**EXERCISE**
Should the entries contain pictures, leave them out and return exactly the lines from the first through the line holding "P 新世紀エヴァンゲリオン ~未来への咆哮~ SPECIAL EDITIONのスペック".

#### GIVEN RECORDS

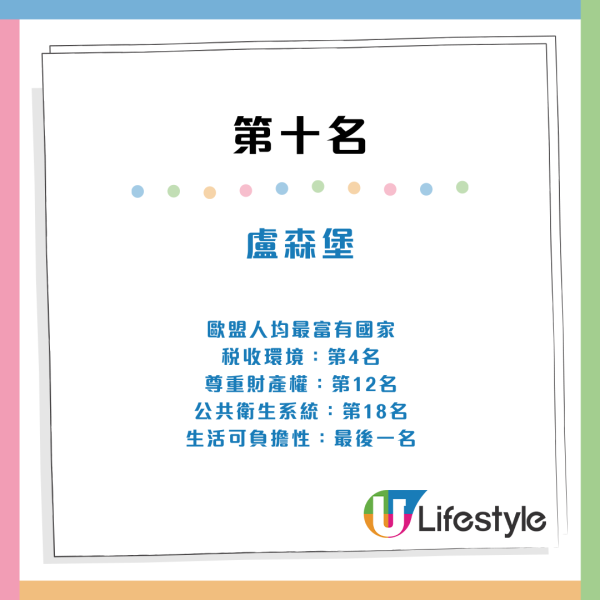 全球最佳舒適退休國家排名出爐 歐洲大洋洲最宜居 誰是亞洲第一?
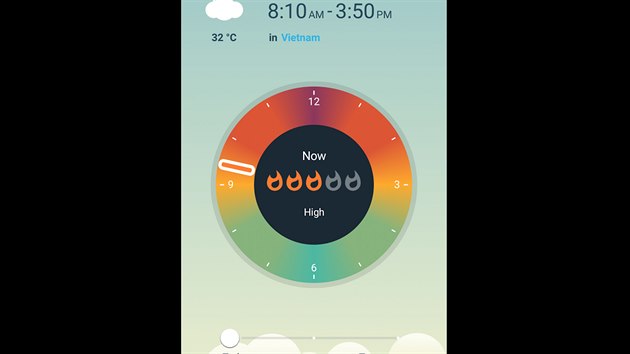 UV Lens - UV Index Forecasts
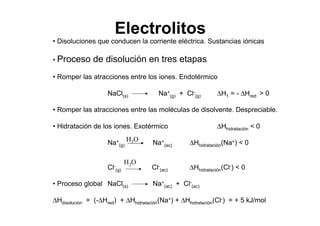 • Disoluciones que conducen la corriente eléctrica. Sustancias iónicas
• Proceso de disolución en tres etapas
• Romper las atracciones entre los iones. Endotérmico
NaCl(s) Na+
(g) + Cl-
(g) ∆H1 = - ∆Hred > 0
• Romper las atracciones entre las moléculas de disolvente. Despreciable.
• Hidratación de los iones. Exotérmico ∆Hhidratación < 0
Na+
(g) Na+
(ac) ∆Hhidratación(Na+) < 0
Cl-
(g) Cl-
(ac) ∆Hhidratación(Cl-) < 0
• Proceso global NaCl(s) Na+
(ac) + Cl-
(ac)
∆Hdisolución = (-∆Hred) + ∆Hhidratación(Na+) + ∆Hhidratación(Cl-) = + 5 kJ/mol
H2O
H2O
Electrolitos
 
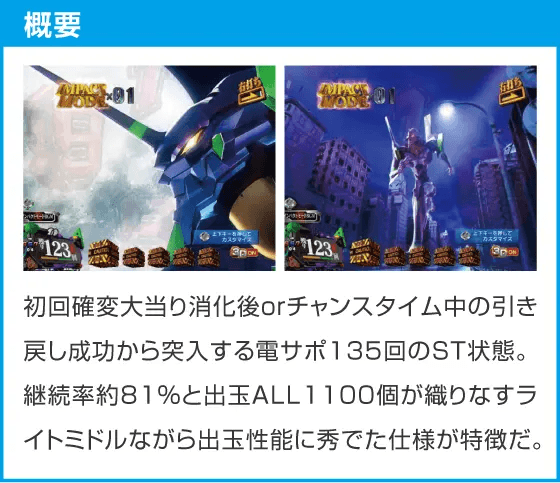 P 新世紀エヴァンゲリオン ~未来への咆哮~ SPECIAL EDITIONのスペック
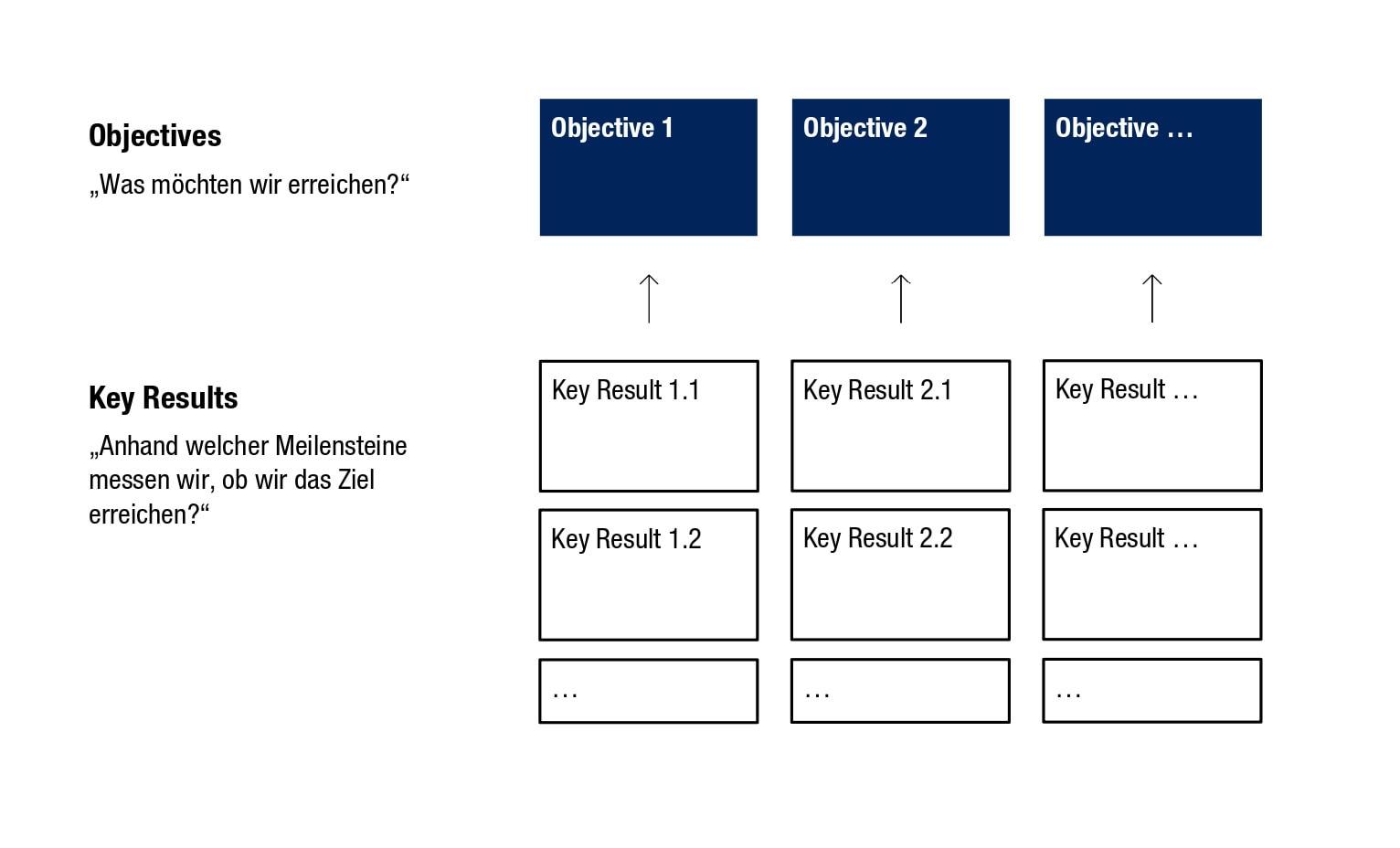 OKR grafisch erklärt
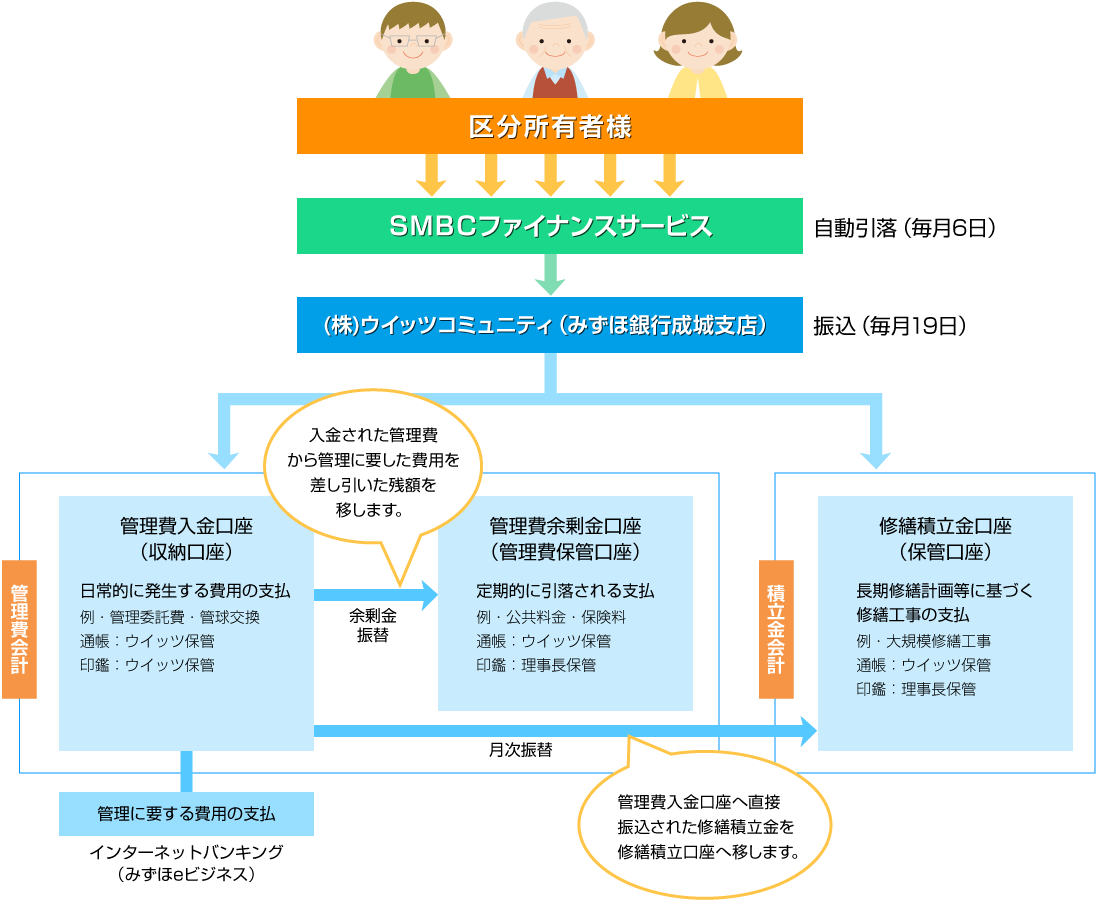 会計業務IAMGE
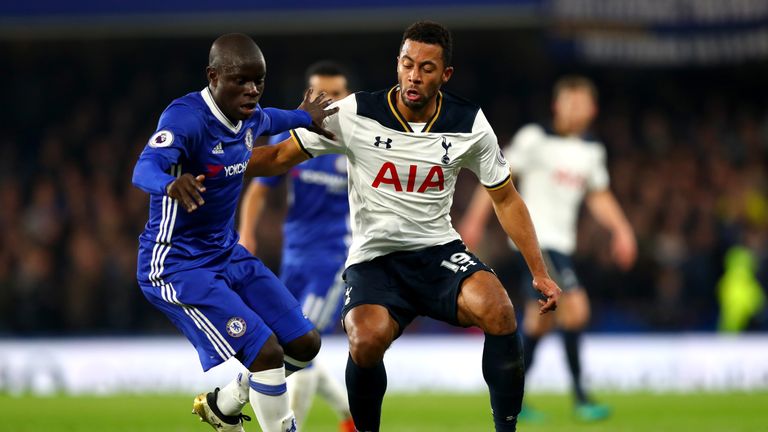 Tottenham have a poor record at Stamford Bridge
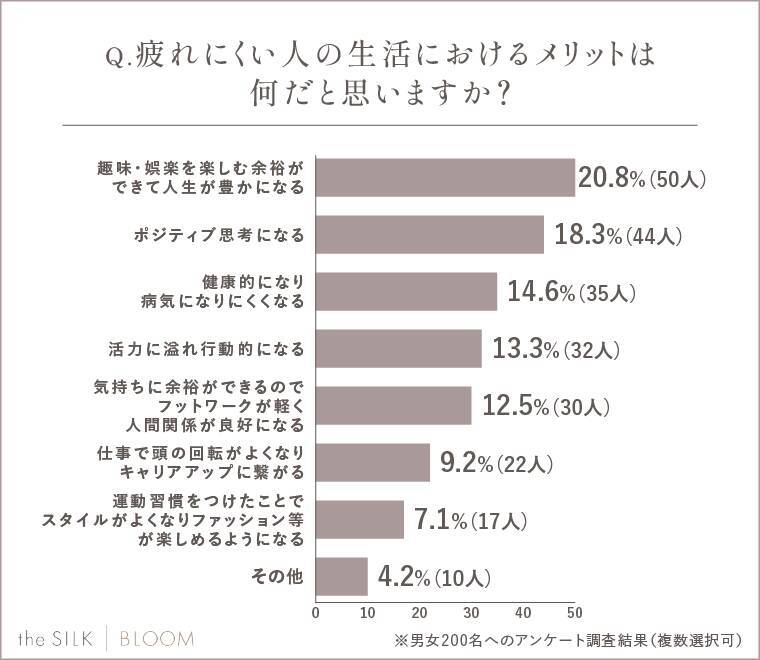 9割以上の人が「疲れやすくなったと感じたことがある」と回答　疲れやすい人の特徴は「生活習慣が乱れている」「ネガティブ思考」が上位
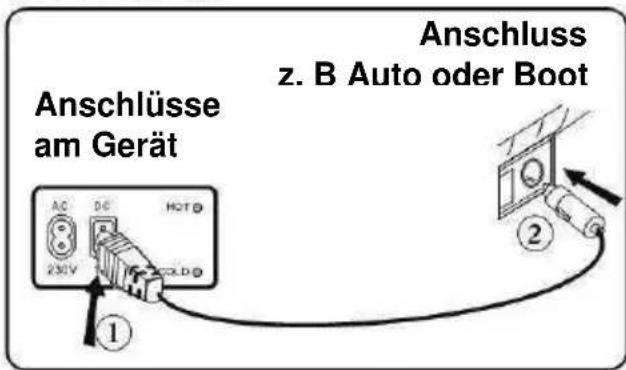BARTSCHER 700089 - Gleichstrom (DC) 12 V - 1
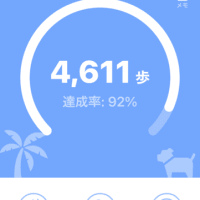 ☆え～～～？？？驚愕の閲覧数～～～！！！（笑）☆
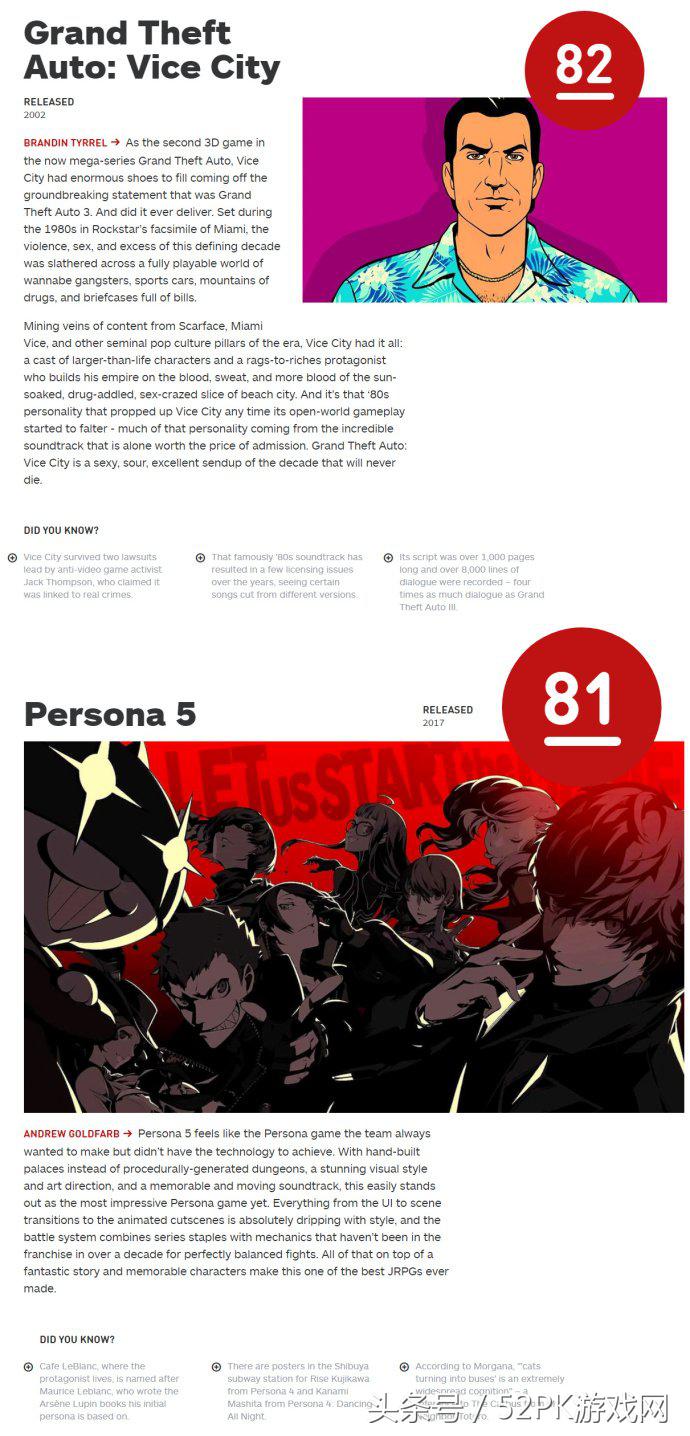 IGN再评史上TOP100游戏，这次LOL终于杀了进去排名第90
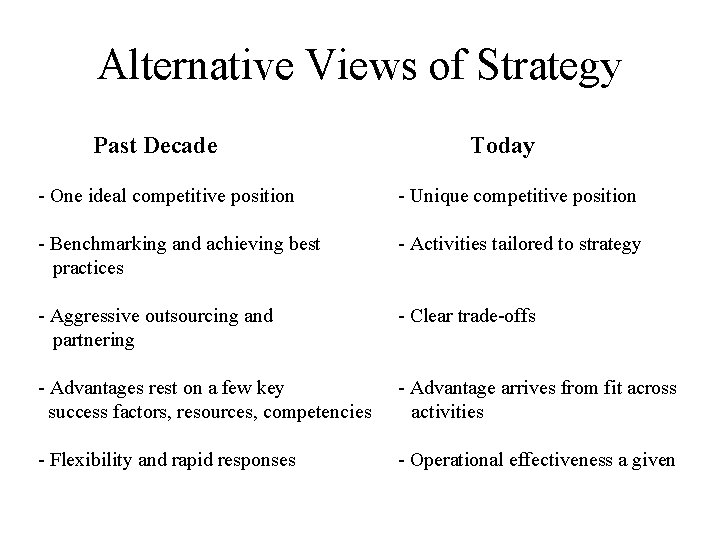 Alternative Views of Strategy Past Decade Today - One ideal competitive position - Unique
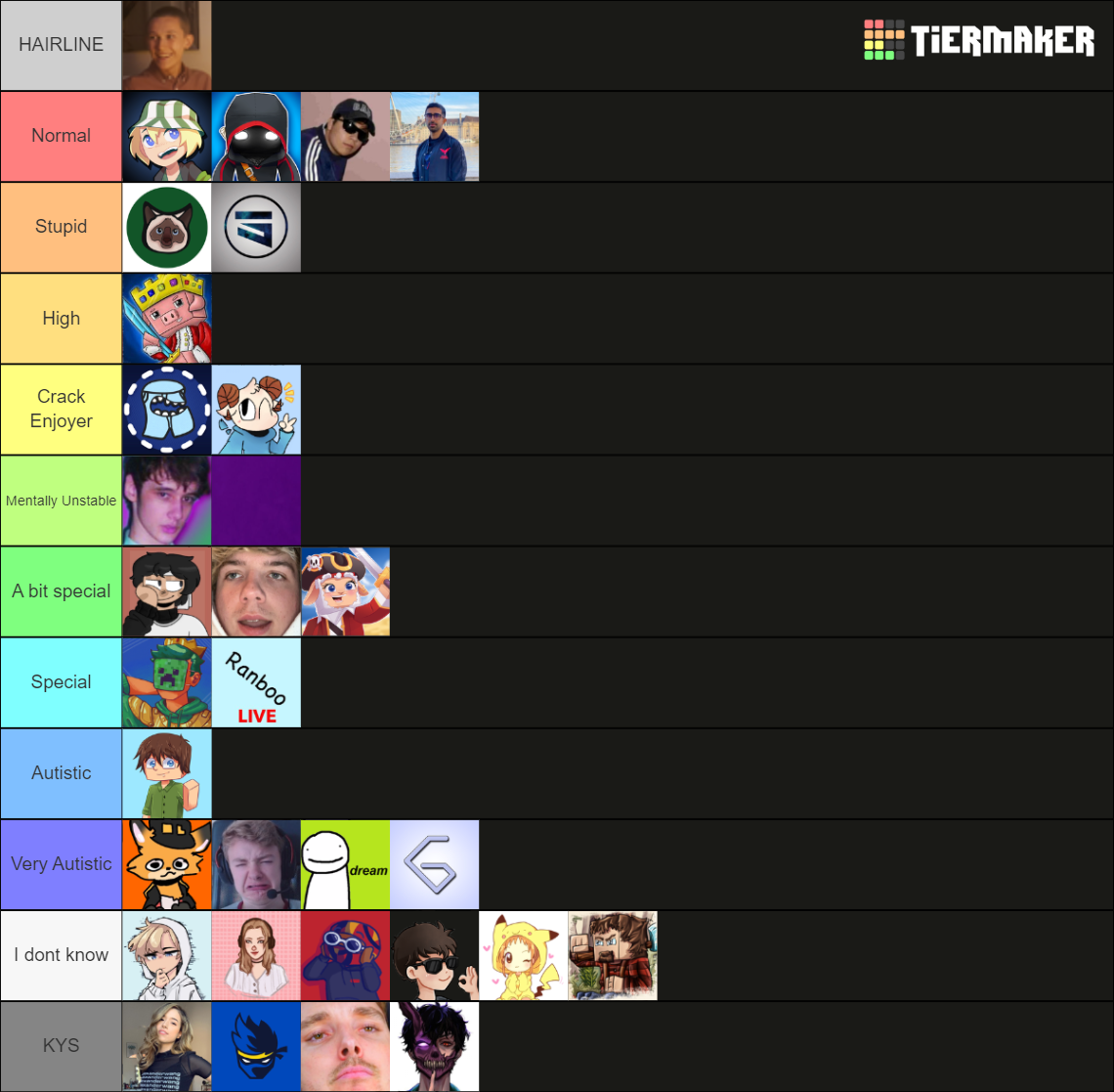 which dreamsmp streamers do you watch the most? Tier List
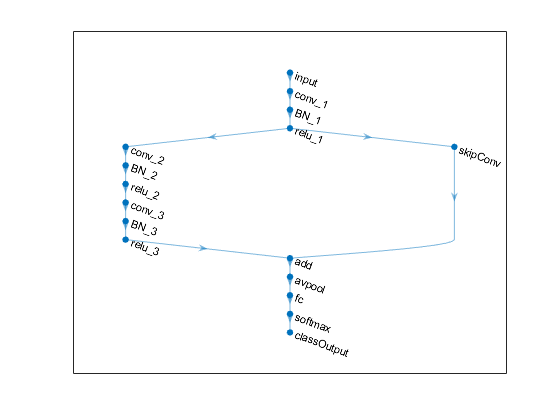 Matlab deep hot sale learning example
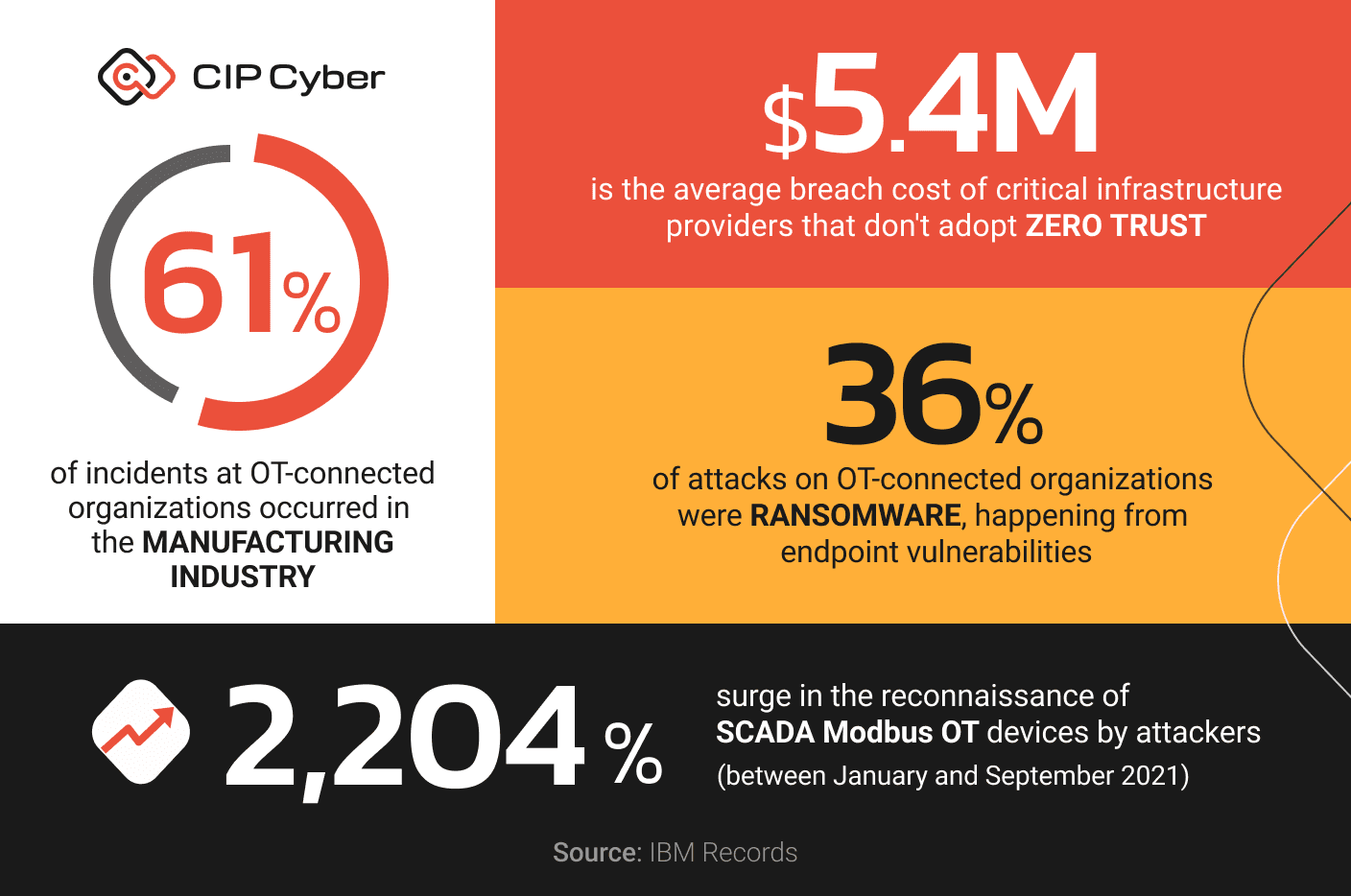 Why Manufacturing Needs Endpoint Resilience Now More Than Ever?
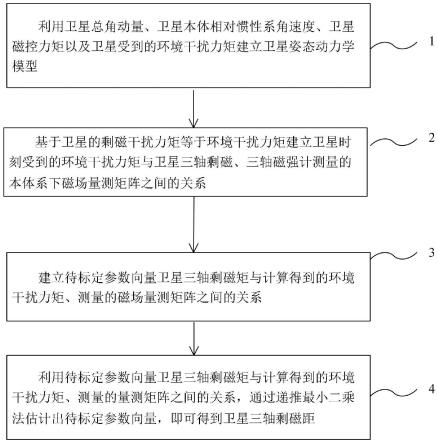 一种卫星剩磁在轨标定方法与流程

########

**SOLUTION**
 全球最佳舒適退休國家排名出爐 歐洲大洋洲最宜居 誰是亞洲第一?
 UV Lens - UV Index Forecasts
 • Disoluciones que conducen la corriente eléctrica. Sustancias iónicas
• Proceso de disolución en tres etapas
• Romper las atracciones entre los iones. Endotérmico
NaCl(s) Na+
(g) + Cl-
(g) ∆H1 = - ∆Hred > 0
• Romper las atracciones entre las moléculas de disolvente. Despreciable.
• Hidratación de los iones. Exotérmico ∆Hhidratación < 0
Na+
(g) Na+
(ac) ∆Hhidratación(Na+) < 0
Cl-
(g) Cl-
(ac) ∆Hhidratación(Cl-) < 0
• Proceso global NaCl(s) Na+
(ac) + Cl-
(ac)
∆Hdisolución = (-∆Hred) + ∆Hhidratación(Na+) + ∆Hhidratación(Cl-) = + 5 kJ/mol
H2O
H2O
Electrolitos
 
 P 新世紀エヴァンゲリオン ~未来への咆哮~ SPECIAL EDITIONのスペック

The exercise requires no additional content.